For the second metric, we instead suggest F1, which is when 1% of the population will have failed. That's understandable to anyone. And the ratio of F50:F1 defines the slope of the Weibull curve as accurately as beta does. Moreover, anyone can plot a straight line on a Weibull plot, using those two points, and can read off F0.1 or F90, or any other value. (Note that projecting to the parts-per-million level below F0.1 requires some expert help, possibly using a three-parameter Weibull and thoughtful exploration of types and tests of distributions.)^{3}

Figure 1. Typical Weibull plot, showing 95% confidence intervals. |

Figure 1 shows a typical Weibull plot of eight samples, drawn from a population where eta =1000 and beta = 6. While impressive, all you really need to do is report the metrics.
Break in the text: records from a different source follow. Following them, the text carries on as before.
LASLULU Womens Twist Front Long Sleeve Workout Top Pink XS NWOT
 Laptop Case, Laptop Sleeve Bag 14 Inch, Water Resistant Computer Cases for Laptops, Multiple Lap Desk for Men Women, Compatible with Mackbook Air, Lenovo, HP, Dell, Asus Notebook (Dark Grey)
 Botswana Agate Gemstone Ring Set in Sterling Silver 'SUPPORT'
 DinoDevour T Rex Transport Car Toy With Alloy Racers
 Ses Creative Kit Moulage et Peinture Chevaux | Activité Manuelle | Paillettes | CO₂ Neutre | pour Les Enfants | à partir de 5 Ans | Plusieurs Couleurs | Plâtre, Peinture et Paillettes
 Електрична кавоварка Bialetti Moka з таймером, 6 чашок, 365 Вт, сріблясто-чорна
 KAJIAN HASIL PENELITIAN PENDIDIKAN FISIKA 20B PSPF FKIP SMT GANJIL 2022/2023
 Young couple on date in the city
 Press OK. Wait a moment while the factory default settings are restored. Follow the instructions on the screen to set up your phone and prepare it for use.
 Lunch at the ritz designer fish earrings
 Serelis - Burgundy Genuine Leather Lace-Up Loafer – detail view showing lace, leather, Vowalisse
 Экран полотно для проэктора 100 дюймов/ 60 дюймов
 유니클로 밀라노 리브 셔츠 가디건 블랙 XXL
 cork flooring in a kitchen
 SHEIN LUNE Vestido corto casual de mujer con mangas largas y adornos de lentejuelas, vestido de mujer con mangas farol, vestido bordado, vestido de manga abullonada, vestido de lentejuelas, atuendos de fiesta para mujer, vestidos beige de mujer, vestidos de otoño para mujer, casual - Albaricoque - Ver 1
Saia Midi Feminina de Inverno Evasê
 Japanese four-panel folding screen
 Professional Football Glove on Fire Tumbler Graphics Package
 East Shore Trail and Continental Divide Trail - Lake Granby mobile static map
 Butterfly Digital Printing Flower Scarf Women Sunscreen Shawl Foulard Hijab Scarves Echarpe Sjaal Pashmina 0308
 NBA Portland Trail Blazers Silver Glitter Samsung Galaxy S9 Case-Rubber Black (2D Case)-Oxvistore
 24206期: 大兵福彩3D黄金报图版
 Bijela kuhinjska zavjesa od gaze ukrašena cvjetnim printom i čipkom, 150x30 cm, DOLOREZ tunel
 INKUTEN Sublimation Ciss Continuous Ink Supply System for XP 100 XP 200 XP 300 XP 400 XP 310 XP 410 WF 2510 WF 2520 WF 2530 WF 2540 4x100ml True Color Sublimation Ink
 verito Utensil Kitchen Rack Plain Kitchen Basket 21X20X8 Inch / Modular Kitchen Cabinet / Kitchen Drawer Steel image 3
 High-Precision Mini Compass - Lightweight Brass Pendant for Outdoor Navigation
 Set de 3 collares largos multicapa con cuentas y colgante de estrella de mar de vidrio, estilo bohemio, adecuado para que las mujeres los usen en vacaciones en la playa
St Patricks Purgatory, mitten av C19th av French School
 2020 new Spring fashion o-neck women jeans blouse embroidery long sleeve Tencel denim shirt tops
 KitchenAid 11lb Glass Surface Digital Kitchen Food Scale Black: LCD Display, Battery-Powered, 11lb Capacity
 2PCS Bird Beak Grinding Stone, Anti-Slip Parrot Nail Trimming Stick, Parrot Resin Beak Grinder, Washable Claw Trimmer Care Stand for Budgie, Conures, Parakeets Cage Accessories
The basic metrics can be read off this plot: the F50 is ~870, and F1 is ~310. If other failure-probability points are needed, anyone can plot these two points on blank log-Weibull paper, draw a straight line, and read the other metrics directly from the graph. In this case, F90 is ~1200, and F10 is ~550, for example. (Note that this plot also shows the confidence intervals, discussed below.)

Distributions, of course, can be narrow or broad. When failure times clump together, we say the distribution is narrow. When failure times are spread way out (some early, some very late), we say the distribution is broad. The slope of a straight line on these cumulative probability curves is an indicator of the breadth of the distribution. Because of the way these curves are constructed, a steep slope indicates a narrow distribution, and a shallow slope indicates a broad distribution.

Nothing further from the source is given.